While this isn’t the most exciting metric, it does make a big difference in how well a rod works. Depending on the material, you can get more sensitivity, strength, and fighting power. On top of that, the construction may be what determines if a rod lasts ten days or ten years.

There were a few standouts in this metric. The Daiwa Megaforce Telescopic was clearly built to last among the telescopic poles. Its carbon fiber construction combines strength and sensitivity to pick up little nibbles on our bait.

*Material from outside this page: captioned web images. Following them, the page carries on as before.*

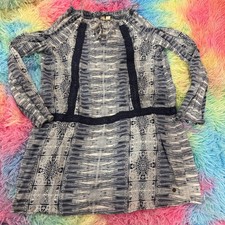 Roxy Blue White Geometric Tribal Cold Shoulder Crochet Lace Mini Dress Small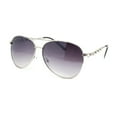 thumbnail image 1 of Womens Rhinestone Bling Heart Jewel Diva Metal Rim Pilot Sunglasses Silver - Smoke, 1 of 4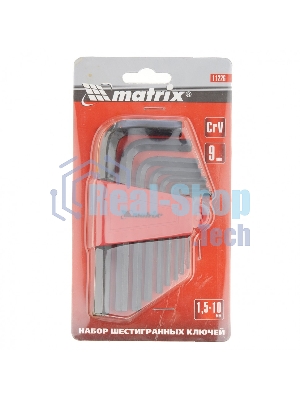 Набор ключей Matrix имбусовых HEX, 1,5–10 мм, CrV, 9 шт.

The true king of construction, though, is the St. Croix Triumph Travel. Built with a unique graphite fiber, this rod provided incredible sensitivity and fighting power. Of course, that quality doesn’t come cheap — it also comes with a high price tag.

Versatility

Another important metric to consider is versatility. And in this category, not all rods are created equal. Some are specifically made for fishing off the bottom of a lake, while others are made just for casting in saltwater environments.

The KastKing Blackhawk II Telescopic is a clear winner here. With its equally great performance in both fresh and saltwater, exceptional casting distance and sensitivity, and impressive fighting power, it can handle everything from small trout to large sea bass.

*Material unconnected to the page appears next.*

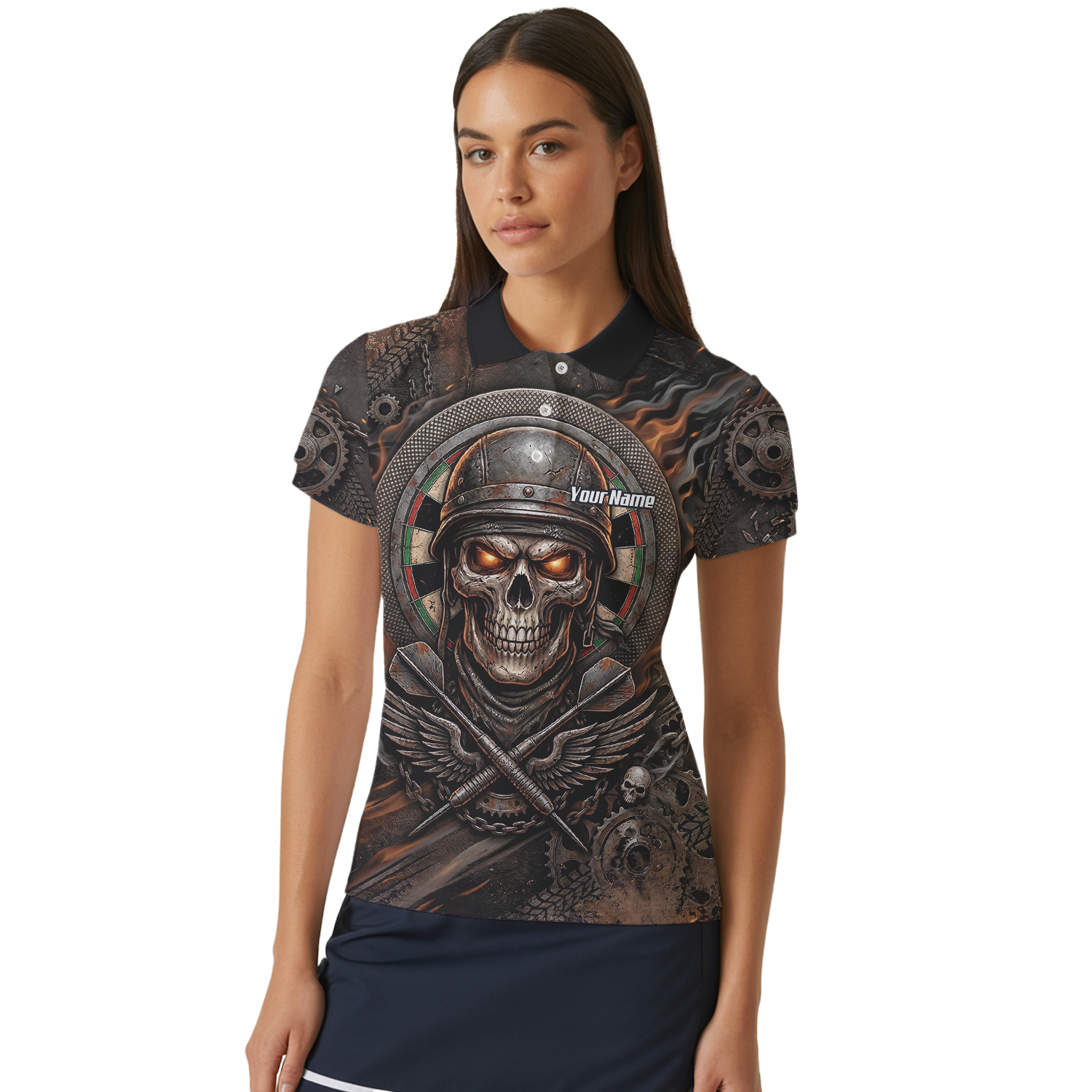 Personalised Skull Helmet Dart Jersey for Women Custom Name Darts Polo Shirt Fire Flame Sublimation Design B5126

In comparison, while it’s built with quality in mind, the Ugly Stik Elite is really only made for freshwater fishing. Its fast action and light power design were clear indications of this. With that said, its versatility score took a hit.

Conclusion

Selecting the right fishing rod puts the odds more in your favor. Your personal fishing style is an important consideration. Do you plan to spend most of your days dropping a line off a boat, or will you be casting from the shoreline more often? Whatever it is, there’s a rod here designed just for you. We hope this article has been helpful in selecting a new rod. So, plan that next fishing trip, get out there, and snag that trophy fish.